Lesotho Prime Minister Prime Minister Moeketsi Majoro (file photo).
8 September 2020

Prime Minister Moeketsi Majoro has declared war on animal rustlers. He said the government has formed a task team of all the security agencies which is already recording successes in curbing stock theft in Mokhotlong.

Addressing the media at the Mejametalana airbase over the weekend, Dr Majoro said stock theft and other cross border crimes were rampant and could threaten relations with South Africa.

The event at the Mejametalana airbase was meant to welcome two Lesotho Defence Force (LDF) soldiers who were arrested last month in South Africa. The duo remains in detention despite frantic high-level diplomatic engagements to secure their release and return to Lesotho.

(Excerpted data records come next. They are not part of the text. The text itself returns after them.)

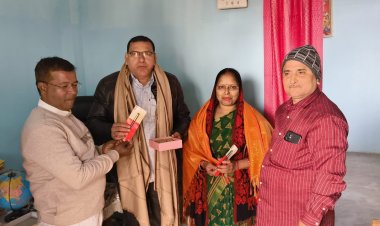 'समरस फाउंडेशन' द्वारा उत्कृष्ट ग्रामीण शिक्षा के लिए प्रबंधक और प्रधानाचार्या को किया गया सम्मानित...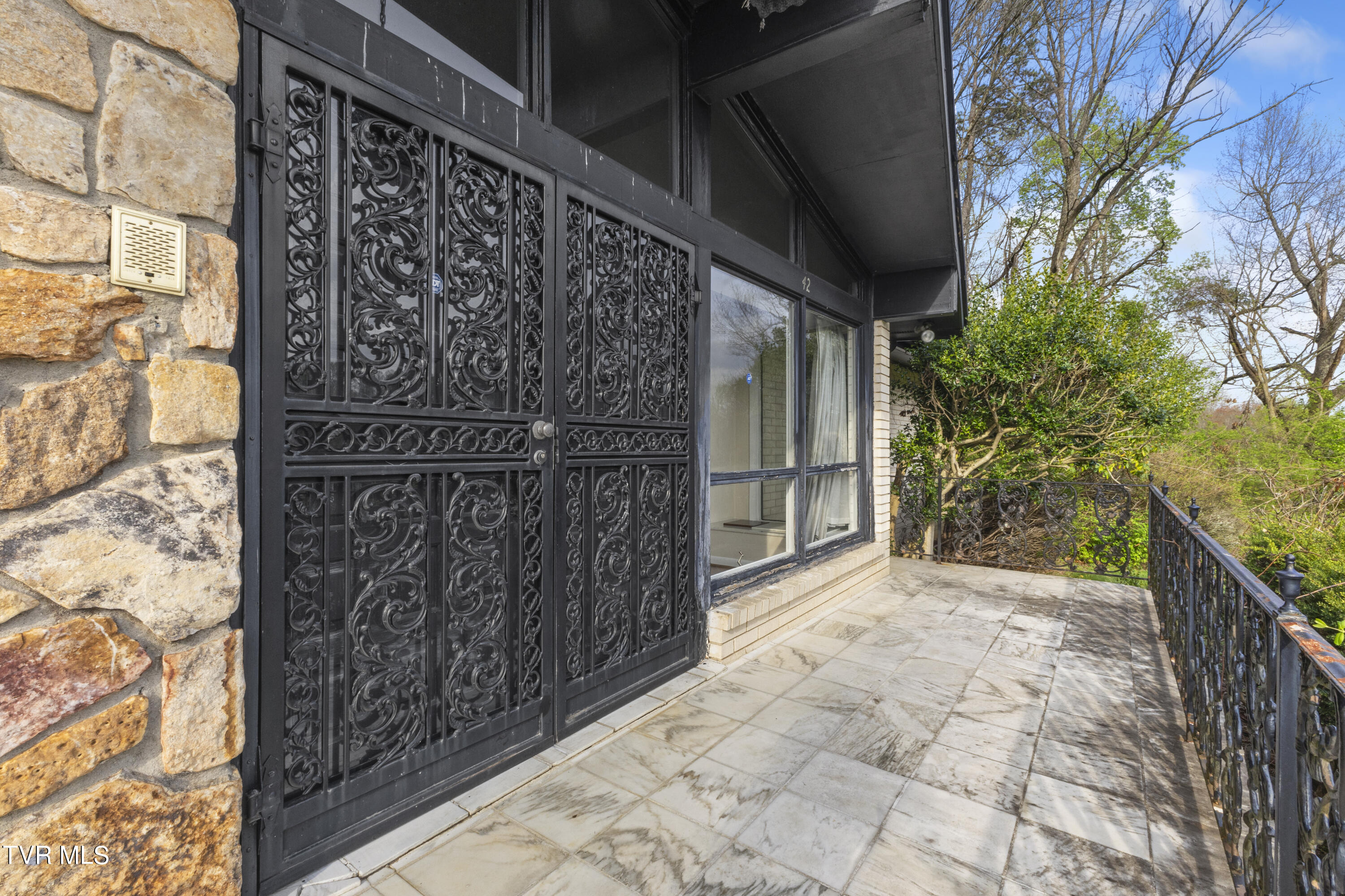 42 Green Tree Circle Bristol, VA 24201 - Photo 9 of 50 128A0098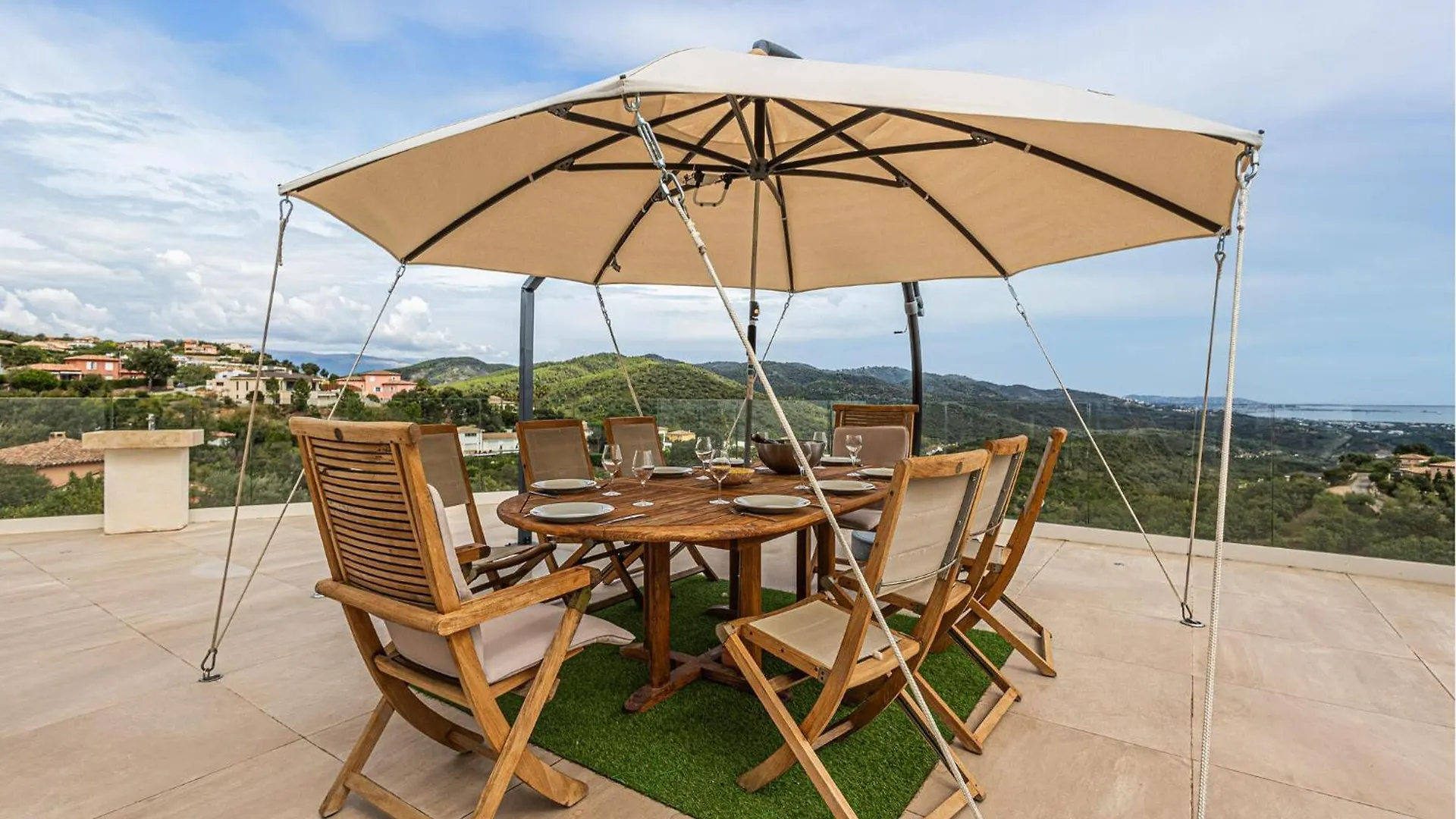 Nice Home In Les Adrets-De-Lestere With Kitchen Holiday home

Private Rorisang Moepi (22) and Private Dumile Tsoanyane (26) were arrested in Matatiele, Eastern Cape on 19 July 2020. They were charged with illegally entering South Africa, stock theft, robbery and possession of unlicensed firearms and ammunition.

Just over a month later on 20 August, two South African soldiers and two immigration officers were arrested for sneaking into Lesotho without proper travel documents. The four are Corporals Zibuse Mbhense (48) and Muzikawulahlwa Shandu (46) and immigration officers, Mfundo Mazibuko (38) and Lipuo Lebese (39).

They were freed on bail on 25 August by Senior Resident Magistrate Peter Murenzi. The quartet's arrest was widely viewed as an act of revenge for the earlier arrest of the Lesotho soldiers in South Africa.

It had been expected that after the freeing of the South African soldiers and immigration officers, albeit on bail, the neighbouring country would reciprocate by freeing the Lesotho soldiers.

A high-powered government delegation led by Deputy Prime Minister Mathibeli Mokhothu even visited South Africa last week for a meeting with South African government officials.

And on Friday, Dr Majoro said Lesotho and South Africa were committed to fighting cross border crimes among them livestock theft.

"Cross border crimes, especially livestock theft, are rampant and are threatening relations between the two countries," Dr Majoro said.

"However, our government and that of South Africa are committed to fighting it with all the resources we can accumulate.

"I once said that the government would form a task team of all security agencies, (police, army, intelligence and correctional services officers). The task team is now operational and I am getting reports that it is already making arrests.

"The task team has arrested locals who had stolen 40 cattle from South Africa. Thirty-two cattle were recovered and returned to South Africa. Another eight are still missing."

He said the task team has acquired information about animal rustlers and would soon intensify arrests.